Delivering the address at a four-day conference in Cape Town this week, Professor Asmal said: "There is scant concern for development agendas, or even concern to promote traditional values associated with higher education.

"Higher education has been commodified and transformed into a service - to be bought and sold. Is this what the much- vaunted benefits of globalisation are all about? If so, I can state categorically we want nothing to do with it.

"We do not wish to turn a blind eye to supranational developments, nor do we wish to build new walls around ourselves. But we cannot stand by and watch the erosion of our system. At the centre of our approach is striving for new excellence in public higher education."

Professor Asmal was speaking at the conference "Towards the Global University II: Redefining Excellence in the Third Millennium", jointly organised by the University of Central Lancashire, California State University and Cape Technikon, South Africa.

He said that unless global engagement was guided by national objectives, higher education risked reinforcing unequal relations that had existed for far too long and would miss "a golden opportunity to celebrate and build on the diversity that is part of our common heritage".

Professor Asmal focused on the role of partnerships in achieving excellence. He recently placed a moratorium on new partnerships between public and private higher education institutions in South Africa, where there is phenomenal growth in a private sector made up both of local and foreign institutions, especially from Britain and Australia.

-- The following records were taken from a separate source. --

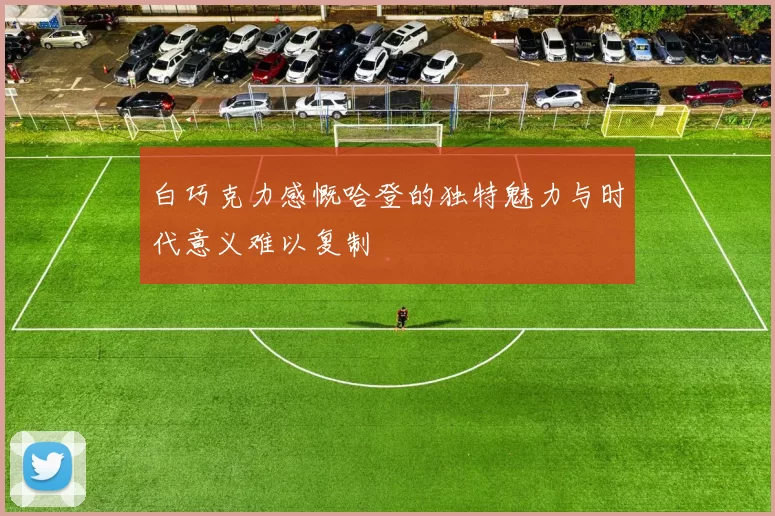 白巧克力感慨哈登的独特魅力与时代意义难以复制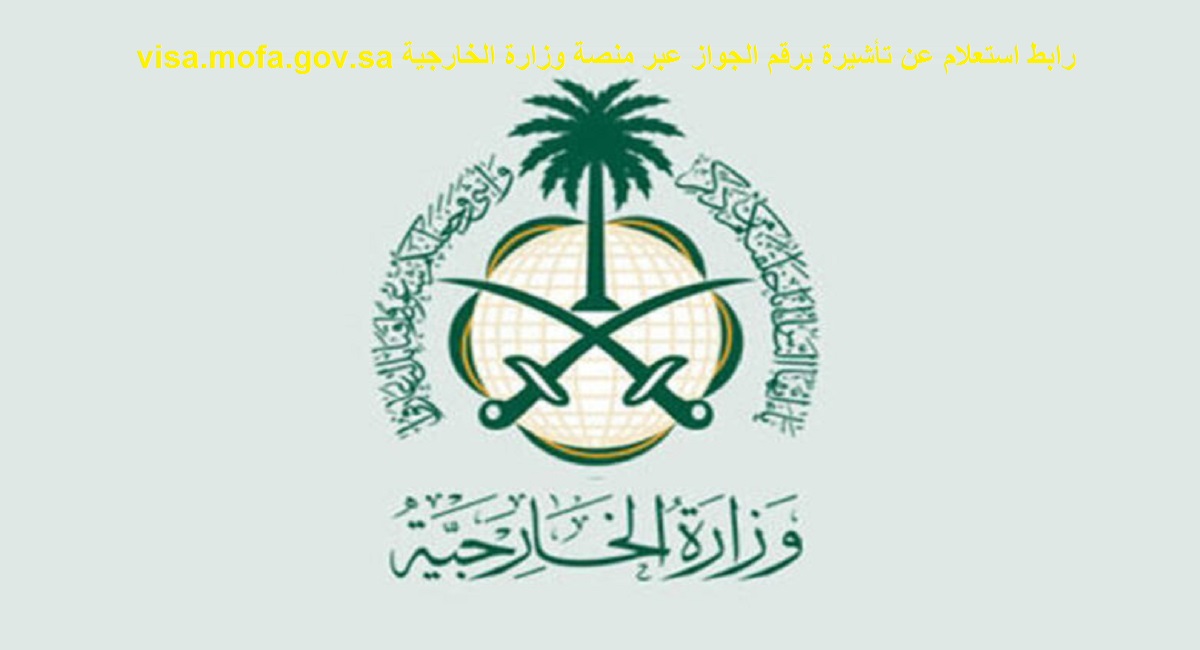 رابط استعلام عن تأشيرة برقم الجواز عبر منصة وزارة الخارجية visa.mofa.gov.sa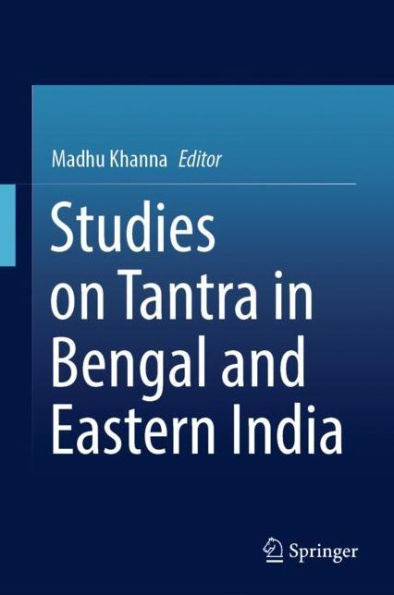 Studies on Tantra Bengal and Eastern India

The moratorium, Professor Asmal stressed, was not prompted by "narrow protectionist agendas or national chauvinism". Many partnerships between local and foreign institutions had been "critically important in assisting South African institutions to build their research and teaching capacities".

Much private-sector development had been taking place in collaboration with local public institutions but many associations were not partnerships but "marriages of convenience", he said.